White House Correspondents’ Dinner can be culturally alienating

WHCD-Dinner-2016-aIf you are a reasonably affluent progressive, the 2016 White House Correspondents’ Dinner had to be a real gas. President Obama and comedian Larry Wilmore came out swinging, taking jabs at just about anyone of any political stripe. This was not an event for everyone. You had to be politically knowledgeable, even politically sophisticated. You needed to know how to give and take. You needed to be comfortable mocking the foibles of others while absorbing the punches that knock you off your pedestal. Perhaps most importantly, you had to be able to mock yourself. Obama and Wilmore are very good at that.
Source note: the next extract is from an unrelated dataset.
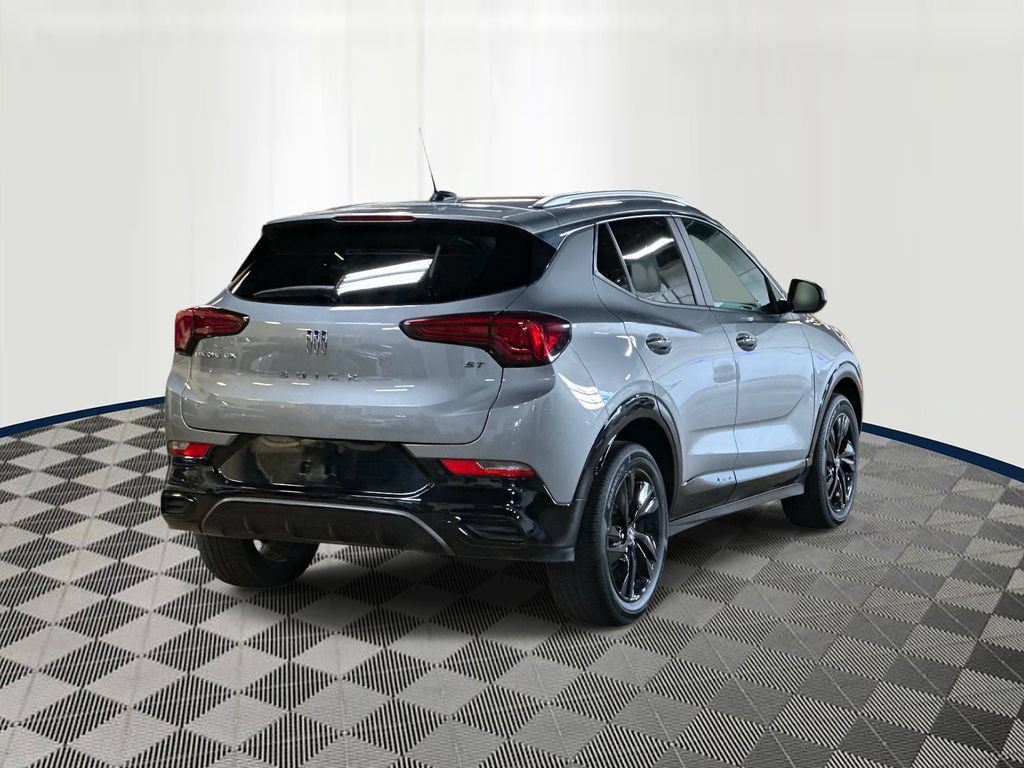 Used 2024 Buick Encore GX Sport Touring FWD image 5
However, I could not help thinking about what a closed club this was. The people in the ballroom at the Washington Hilton Hotel were almost without exception dressed in formal wear, and it’s likely that most of them were owners of what they wore rather than renters. An exception was Bernie Sanders who has never worn a tuxedo. Perhaps his unwillingness to become a full-fledged member of the club inside the hall was reason why President Obama directed perhaps his harshest criticism (or jokes) at him. “Bernie, you look like a million bucks.” (Laughter.) “Or to put it in terms you’ll understand, you look like 37,000 donations of 27 dollars each.” (Laughter and applause.) To me, that joke came across as mocking Sanders as a bit of a “low-life” in the room who neither knows how to dress like the elite or raise money in their special and secret hideaways.
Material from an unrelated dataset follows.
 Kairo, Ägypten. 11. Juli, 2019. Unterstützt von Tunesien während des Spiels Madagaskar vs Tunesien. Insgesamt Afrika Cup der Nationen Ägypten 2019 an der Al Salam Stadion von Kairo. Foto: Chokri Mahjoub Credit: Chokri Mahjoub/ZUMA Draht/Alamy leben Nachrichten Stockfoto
Nielson Ratings don’t do this, but I wonder how many television views of the festivities were the angry white blue-collar workers (and non-workers) who have pledged their allegiance to Donald Trump. I doubt that there were many. Why should they? They would not be able to “understand” most of the humor, and that which they could might well come across as directed at them. That’s because it was. The makers and shakers in the room, journalists, politicians, moguls and other celebrities, were very comfortable within their skin within that room. It was a night off for them; they could afford to lavish themselves in their luxury and forget about the working people of America who for all intents and purposes have not had a real wage increase since the early 1970s. But oh, I forgot, most of the people in the room tend to forget about that every day, and that makes the Trump supporters (and others of their demographics) even madder.

The White House Correspondents’ Dinner is essentially a liberal event because it involves a lot of irony. That is something that frequently escapes Republicans.  But there are different kinds of liberals from those who were in attendance at the Dinner. It’s hard to tell if their numbers are dwindling or if they will multiply as part of the Bernie bandwagon effect.

Social critic Thomas Frank has written about the schism in the liberal ranks in his new book Listen Liberal. Historian Steve Fraser has also done so in his book, The Limousine Liberal.  You can get a taste of both of them from this review in the New York Times. A key point in both is that there is a wide gulf, or perhaps more accurately described as a disparity, between the liberals in that room that night and the people who once counted on them to champion their causes.

President Obama was funny that night (to me and many others). But like Hillary Clinton, he has become seems more immersed in the gestalt of “being liberal” than really fighting the battles of those in need. If Hillary takes the podium at next year’s WHCD, it will be interesting to see if she is (a) as funny, and (b) any more connected to the masses not in the room.